The chart below illustrates the idea; the moving averages overlaid on each data set (ADV = advancers, DECL - decliners, UVOL = bullish volume, DVOL = bearish volume) denotes the direction of the trend for each piece of data. The bearish trend lines are rising, saying they're getting stronger. The bullish trend lines are falling, saying bullishness is weakening. This was happening well before Thursday. In fact, it started to happen well before August 10th, which was the previous day we saw a ton of bearish volume and a great number of falling NYSE stocks.

081817-nyse-breadth-depth

While the visualization of seemingly-qualitative data tells us a lot, there's more we can do with the information to help is turn qualitative information into very specific and scientific quantitative clues.

The chart below removes the daily advancer/decliner data, and then overlays the moving averages -- or trend lines -- of the NYSE's advancers and decliners. The thicker blue line still marks the trend for the advancers, while the thinner red line plots the average of the NYSE's decliners from day to day. These lines are the ones in the middle of the chart. Clearly the decliner trend has been outpacing the advancer trend for some time... well before Thursday's or even last week's major stumbles for stocks.
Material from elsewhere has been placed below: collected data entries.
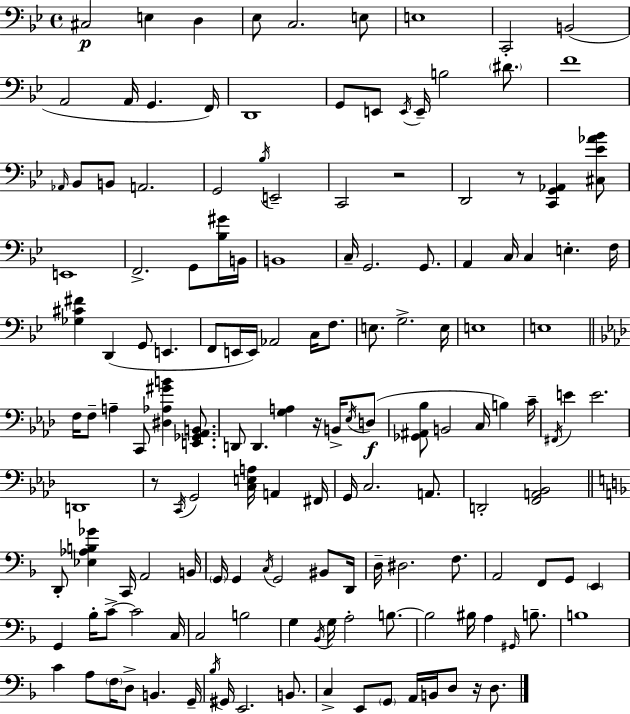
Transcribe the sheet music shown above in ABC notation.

X:1
T:Untitled
M:4/4
L:1/4
K:Bb
^C,2 E, D, _E,/2 C,2 E,/2 E,4 C,,2 B,,2 A,,2 A,,/4 G,, F,,/4 D,,4 G,,/2 E,,/2 E,,/4 E,,/4 B,2 ^D/2 F4 _A,,/4 _B,,/2 B,,/2 A,,2 G,,2 _B,/4 E,,2 C,,2 z2 D,,2 z/2 [C,,G,,_A,,] [^C,_E_A_B]/2 E,,4 F,,2 G,,/2 [_B,^G]/4 B,,/4 B,,4 C,/4 G,,2 G,,/2 A,, C,/4 C, E, F,/4 [_G,^C^F] D,, G,,/2 E,, F,,/2 E,,/4 E,,/4 _A,,2 C,/4 F,/2 E,/2 G,2 E,/4 E,4 E,4 F,/4 F,/2 A, C,,/2 [^D,_A,^GB] [E,,_G,,_A,,B,,]/2 D,,/2 D,, [G,A,] z/4 B,,/4 _E,/4 D,/2 [_G,,^A,,_B,]/2 B,,2 C,/4 B, C/4 ^F,,/4 E E2 D,,4 z/2 C,,/4 G,,2 [C,E,A,]/4 A,, ^F,,/4 G,,/4 C,2 A,,/2 D,,2 [F,,A,,_B,,]2 D,,/2 [_E,_A,B,_G] C,,/4 A,,2 B,,/4 G,,/4 G,, C,/4 G,,2 ^B,,/2 D,,/4 D,/4 ^D,2 F,/2 A,,2 F,,/2 G,,/2 E,, G,, _B,/4 C/2 C2 C,/4 C,2 B,2 G, _B,,/4 G,/4 A,2 B,/2 B,2 ^B,/4 A, ^G,,/4 B,/2 B,4 C A,/2 F,/4 D,/2 B,, G,,/4 _B,/4 ^G,,/4 E,,2 B,,/2 C, E,,/2 G,,/2 A,,/4 B,,/4 D,/2 z/4 D,/2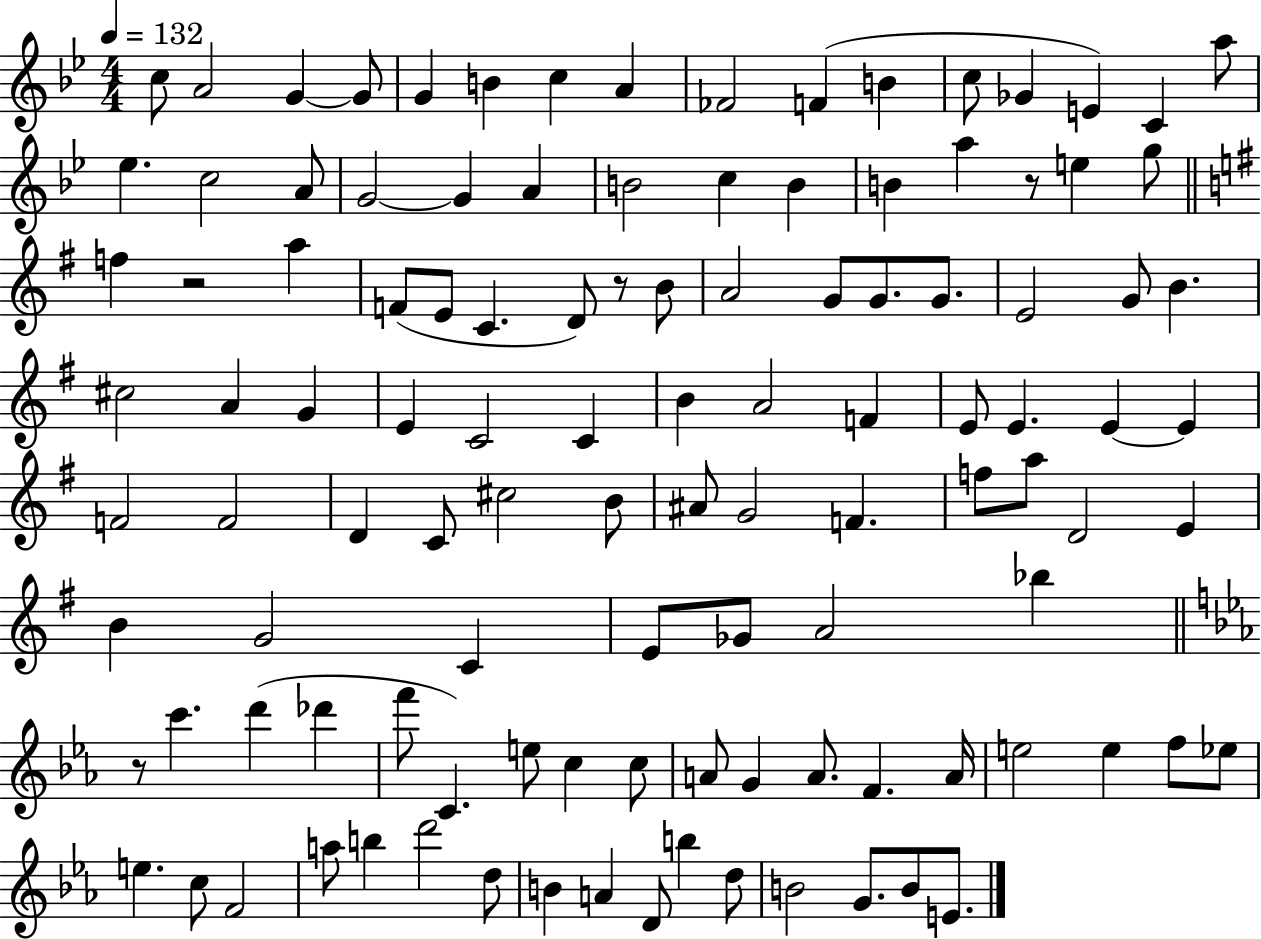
C5/e A4/h G4/q G4/e G4/q B4/q C5/q A4/q FES4/h F4/q B4/q C5/e Gb4/q E4/q C4/q A5/e Eb5/q. C5/h A4/e G4/h G4/q A4/q B4/h C5/q B4/q B4/q A5/q R/e E5/q G5/e F5/q R/h A5/q F4/e E4/e C4/q. D4/e R/e B4/e A4/h G4/e G4/e. G4/e. E4/h G4/e B4/q. C#5/h A4/q G4/q E4/q C4/h C4/q B4/q A4/h F4/q E4/e E4/q. E4/q E4/q F4/h F4/h D4/q C4/e C#5/h B4/e A#4/e G4/h F4/q. F5/e A5/e D4/h E4/q B4/q G4/h C4/q E4/e Gb4/e A4/h Bb5/q R/e C6/q. D6/q Db6/q F6/e C4/q. E5/e C5/q C5/e A4/e G4/q A4/e. F4/q. A4/s E5/h E5/q F5/e Eb5/e E5/q. C5/e F4/h A5/e B5/q D6/h D5/e B4/q A4/q D4/e B5/q D5/e B4/h G4/e. B4/e E4/e.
The bottom of the chart removes the daily up-volume and down-volume bars, and overlays the trend lines for both of those data sets. As before, the thicker blue line denotes the bullish volume trend, and the thinner, red dashed line marks the average for the NYSE's daily bearish volume. The bearish trend line become dominant -- by virtue of its move above the bullish trend line -- several days ago.

081817-bull-bear

Point being, the undertow has been bearish for a while.

It's far from a perfect means of spotting new bearish (or bullish) trends. We got several fake-outs in both directions between March and July. On the other hand, this use of the data can keep you out of trouble when things are unclear. At the very least, not being bullish when we got bear signals in early August would have prevent you from being up-ended over the course of the past couple of weeks.

As is the case with most technical trading tools, this data -- and our application -- is only one of several things you should be considering at any given time.

More important right now, all those trend lines still say the undertow is a bearish one. A pullback has to happen sooner or later.